Directing Digitally: Light Switch

by Dave Osmundsen | Directed by Kristina Friedgen | Produced by Arizona State University, February 2021

Performance Sample

An abridge cut of the first scene of Light Switch. In this scene, a 10-year-old Henry has been playing “Wuthering Heights” on the playground with his best friend, Aaron. In the game Henry as Cathy tries to kiss Aaron as Heathcliff, prompting a turning point in their friendship.

Director’s Note

For an autistic person, navigating a predominantly neurotypical world structure can be a daunting experience.  Social norms that neurotypicals take for granted often befuddle those on the autism spectrum.  In Light Switch, protagonist Henry Sullivan has adapted by pursuing his passion for 19th-Century British Literature above all else. The worlds of Jane Austen, the Bronte sisters and Charles Dickens demonstrate a society steeped in rigid social rules.  Social protocols made it easy to read others’ intentions and subtextual meanings because of the clearly defined symbolic language to which society adhered.  Such overt symbols rarely appear in everyday communications between people today.  

In order to navigate through his world, Henry adopts a romanticized version of Regency decorum.  He sets a standard for those who develop attachments to him, refusing to associate with “imbeciles.”  While this coping mechanism accounts for Henry’s limited group of friends, it also produces true attachments, Roggie (his best friend and roommate) and Marian (his mother) being prime examples. 

Not only does Henry comport himself in the manner of a 19th century Brit, he has also defined his love map by the structure of a 19th-century heroine.  Idolizing stories like Wuthering Heights, Pride and Prejudice and Sense and Sensibility shape Henry’s understanding of a healthy relationship.  While this means that love can overcome social obstacles, it also epitomizes unhealthy advances, such as “negging” and obsessive declarations of unrequited love.  As much as Henry’s passion for 19th century British literature enlivens him, it also traps him, not unlike the ways in which women during the Regency were trapped by the fact of their status and marital status.  However, unlike the heroines he admires, Henry can overcome the circumstances of his entrapment.      
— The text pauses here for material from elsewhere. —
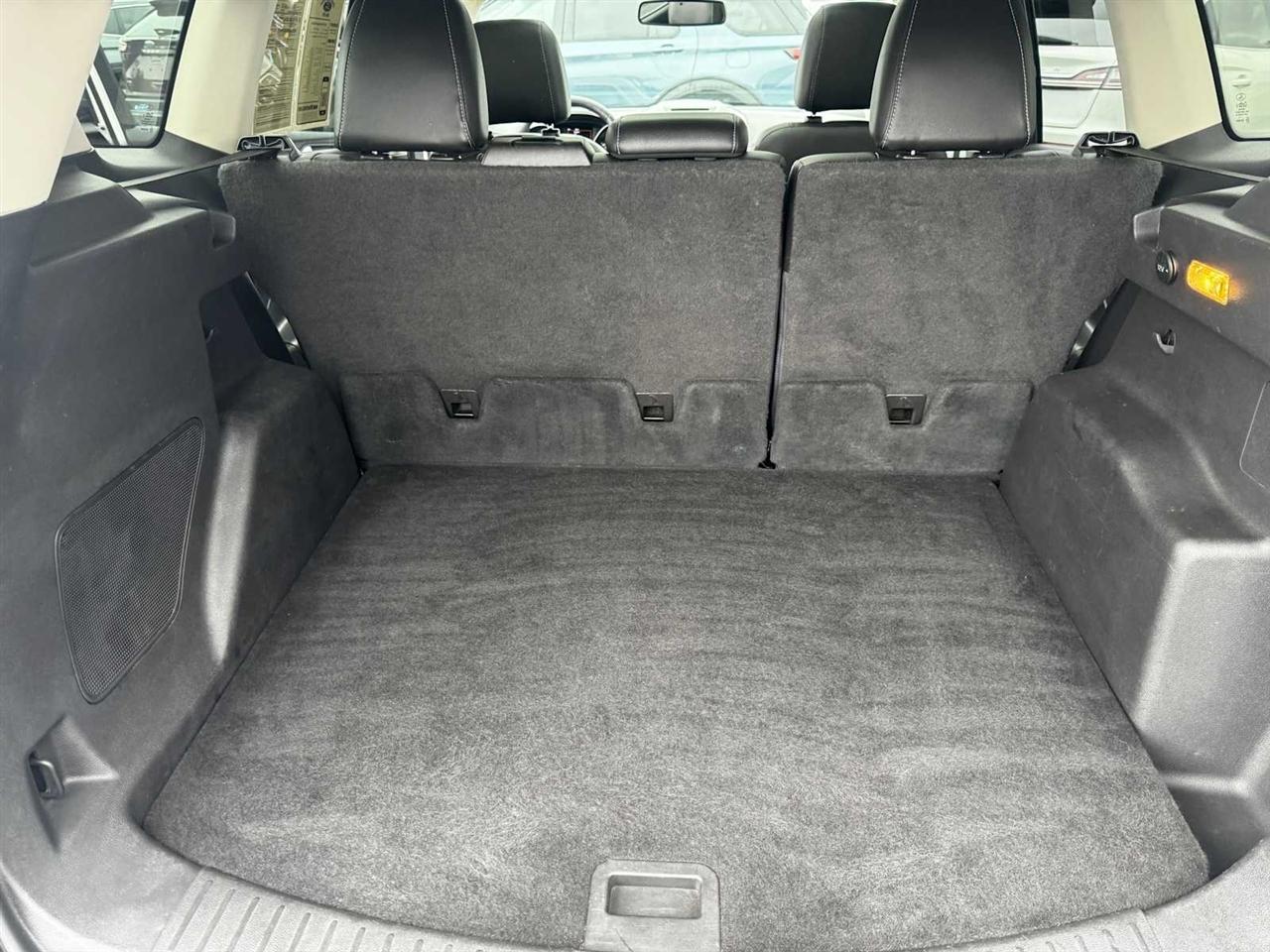 Ford Escape Titanium 4WD 2017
Light Switch is on its surface a queer and neurodiverse story.  Through these specific lenses, however, it taps into distinctly human experiences – passion, rejection, self-preservation – that are arguably universal.  While it can be useful to build boundaries between ourselves and others, we can only find a truly deep connection with another when we open those boundaries up to a multitude of experiences.  As Henry ultimately learns, there is more than one way to love something, more than one way to experience something – a lesson that is perhaps the epitome of a queer, neurodiverse lens.

Director’s Concept

Reflection of Experience

As my first experience working with a playwright on a play in development, Light Switch enabled me to grow my practice of collaboration in a traditional theatre environment. Working closely with the playwright, Dave Osmundsen, who has Aspergers, I wanted to develop a visual language through the design and performance that contrasted Henry’s neurodiverse experience with the neurotypical characters around him. The design team and I collaborated on an aesthetic that would zoom in on specific aspects of each scene that were significant in Henry’s story. These textural moments in addition to the sound design highlighted sensations specific to Henry’s experience of autism (see images below).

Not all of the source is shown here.